Dataset

The ClueWeb09 Dataset

Added By Infochimps

The ClueWeb09 dataset was created to support research on information retrieval and related human language technologies. It consists of about 1 billion web pages in ten languages that were collected in January and February 2009. The dataset is used by several tracks of the TREC conference.

Dataset Specifications

Web Pages:

  • 1,040,809,705 web pages, in 10 languages
  • 5 TB, compressed. (25 TB, uncompressed.)

See the Record Counts Section on the Dataset Information and Sample Files page for detailed information on the distribution of records and languages.

Web Graph:

Entire Dataset:

  • Unique URLs: 4,780,950,903 (325 GB uncompressed, 105 GB compressed)
  • Total Outlinks: 7,944,351,835 (71 GB uncompressed, 24 GB compressed)

TREC Category B (first 50 million English pages)

  • Unique URLs: 428,136,613 (30 GB uncompressed, 10 GB compressed)
  • Total Outlinks: 454,075,638 (3 GB uncompressed, 1 GB compressed)

The web graph for both the entire dataset and for the TREC Category B dataset (first 50 million English pages) is complete. We are in the process of retrieving the data and performing the final formatting of the web graph.
Information on how the crawl progressed is also available.

Dataset Distribution:

The ClueWeb09 dataset and subsets are distributed in several different ways.
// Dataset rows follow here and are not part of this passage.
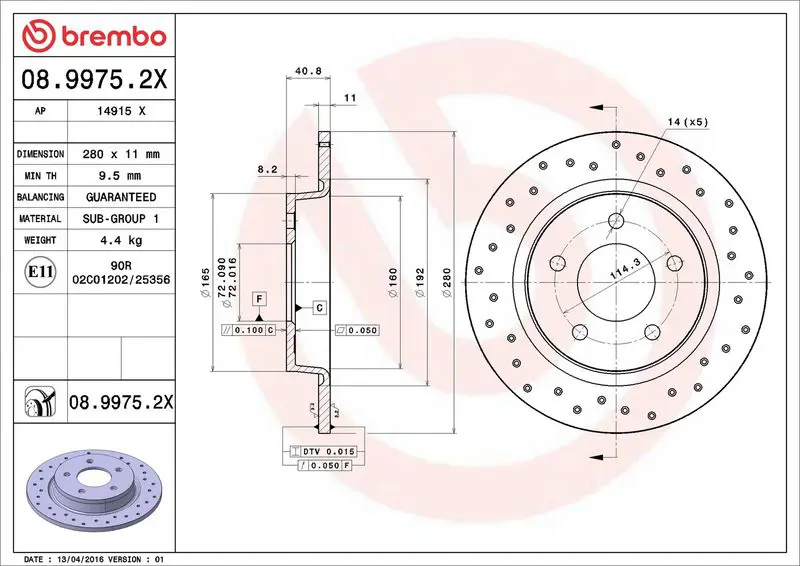 Brembo 0899752X Диск торм. задн. вент. Xtra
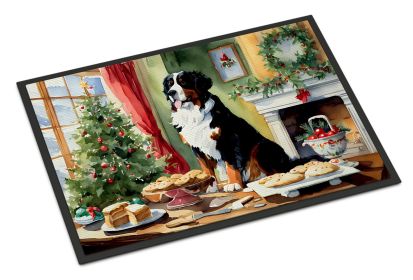 Bernese Mountain Dog Christmas Cookies Doormat Front Door Mat Indoor Outdoor Rugs for Entryway, Non Slip Washable Low Pile, 18H X 27W -M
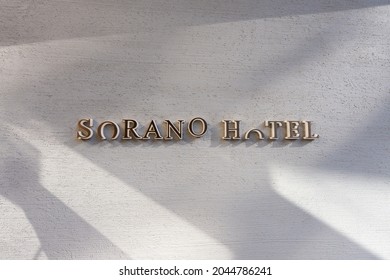 TOKYO, JAPAN - 20 September 2021：SORANO HOTEL Sign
  • Full, 4 × 1.5TB: The full dataset is distributed as tarred/gzipped files on four 1.5 terabyte (TB) hard disk drives, in Linux ext3 format. The physical drives are standard SATA 3 Gbit/sec (SATA/300) 3.5" drives that should be compatible with any SATA/300 interface, including external USB to SATA/300 enclosures.
  • Full, 2 × 3.0TB: The full dataset is also available as tarred/gzipped files on two 3.0 terabyte (TB) hard disk drives, in Linux ext3 format . The physical drives are standard SATA 6 Gbit/sec (SATA/600) 3.5" NOTE: Check that your system’s operating system and hardware are compatiable with 3 TB drives (not all SATA external enclosures are compatiable with these drives).
  • CatB, 1 × 500GB: The TREC “Category B” subset of the full dataset is distributed as tarred/gzipped files on one 1.0 gigabyte (GB) hard disk drive, in Linux ext3 format. The physical drive is a SATA 3 Gbit/sec (SATA/300) 3.5" drives that should be compatible with any SATA/ interface, including external USB to SATA 300 enclosures.
  • JA, 1 × 500GB: The Japanese subset of the full dataset is distributed as tarred/gzipped files on one 500 gigabyte (GB) hard disk drive, in Linux ext3 format. The physical drive is a SATA 3 Gbit/sec (SATA/300) 3.5" drive that should be compatible with any SATA/300 interface, including external USB to SATA/300 enclosures.
  • T11Crowd, web: The subset used by the TREC 2011 Crowdsourcing track is downloaded from the web.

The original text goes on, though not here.